Ola, from West Yorkshire, UK, is a postgraduate researcher in Education. Her thesis title is "The role of multiple risk exposure and protective factors in early adolescent girls’ emotional symptoms: A mixed methods study".
On my background
I worked for many years in early years education, with a focus on the personal and emotional needs of young children and particularly those from disadvantaged backgrounds.
This led me to an interest in risk research and I eventually decided that I would like a career in research and academia in order to contribute to knowledge and understanding of how educators can best support children and young people facing disadvantage, particularly around mental health, hence the PhD.
On my research
My main focus is child and adolescent mental health, particularly what puts young people at risk of mental health difficulties, and what can prevent these negative outcomes from happening, including what schools can do.
My thesis is focused on adolescent girls as there’s evidence that this group is experiencing greater distress in recent years, but generally, I’m interested in adolescence on the whole.
I’m also very interested in the way that research stakeholders take part in and engage with research, including how young people experience this process and how teachers make use of evidence in schools – I’m also the co-founder and co-editor of the Manchester Institute of Education’s 'Building Evidence into Education' (MIE BEE) project and blog.
On my motivation
I did my undergraduate degree part-time at a linked college, so when I came to do a master’s degree in MIE, this was the first time I’d really engaged with researchers and saw the work that was being done.
I saw that the values of the team here and the research being done aligned with my own interests, particularly around addressing inequality and mental health, and so when I saw a funded position available I knew this would be a perfect fit for me.

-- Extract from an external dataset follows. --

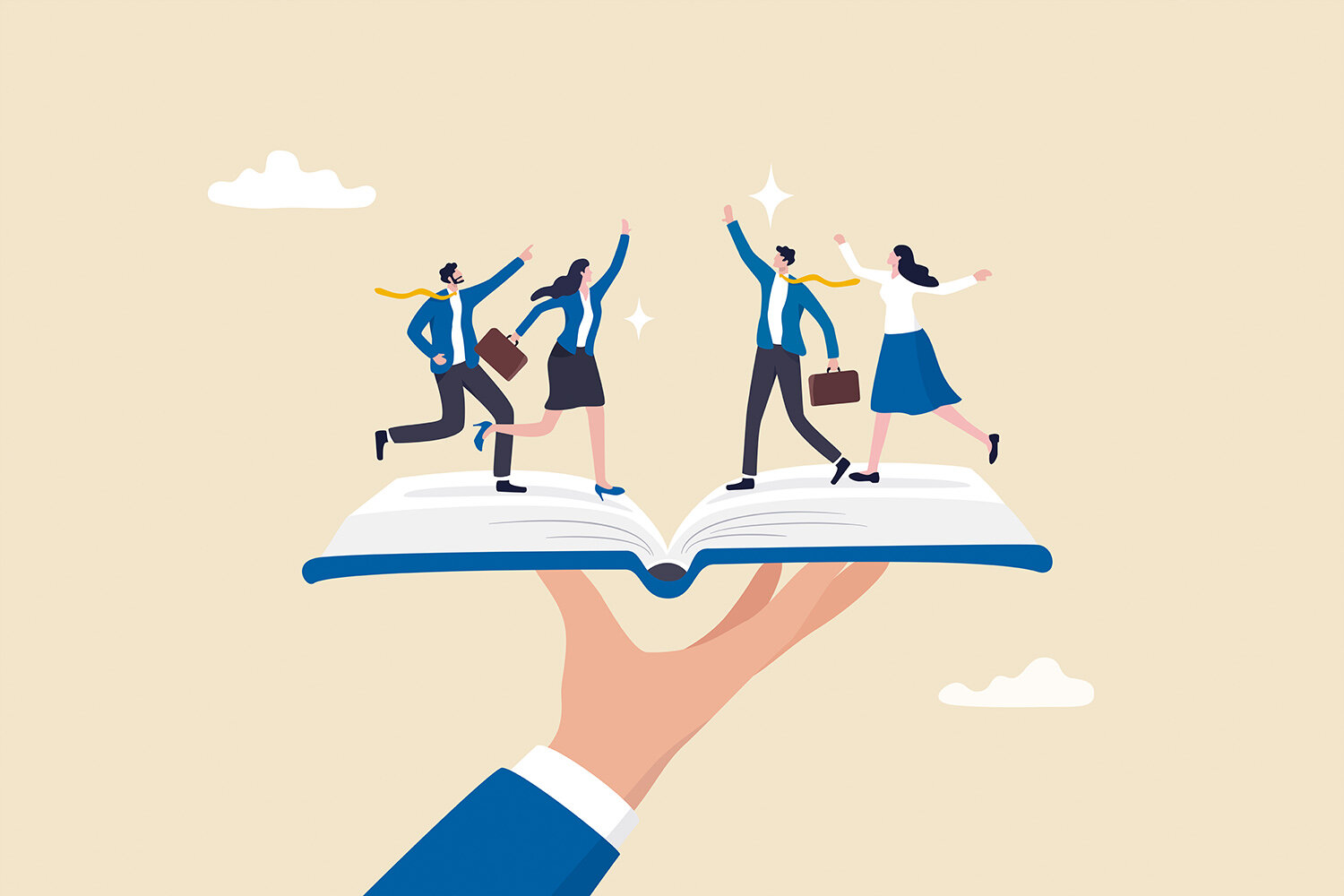 M&Aの歴史を踏まえた業務効率化と人事制度の構築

The main project I work on, HeadStart, is an incredibly impactful programme and we work with a number of organisations and local authorities to create and assess change for young people, which I love being able to be a part of.
On my aspirations
I’d really like to be able to produce and contribute to research that is impactful and makes a meaningful difference for people.
Mental health is something that is shared by everyone and adolescence is a really crucial time in the development of mental health difficulties, so this research shouldn’t just be something that’s done behind closed doors, it should be shared and talked about and seek to produce change.
It’s often said that investing knowledge and making change in this area is important because it’s economically beneficial in the long run, but for me and many of the people here in MIE this is seen as simply an ethical responsibility to help figure out how we can support children and young people who are at risk of, or who have, mental health difficulties.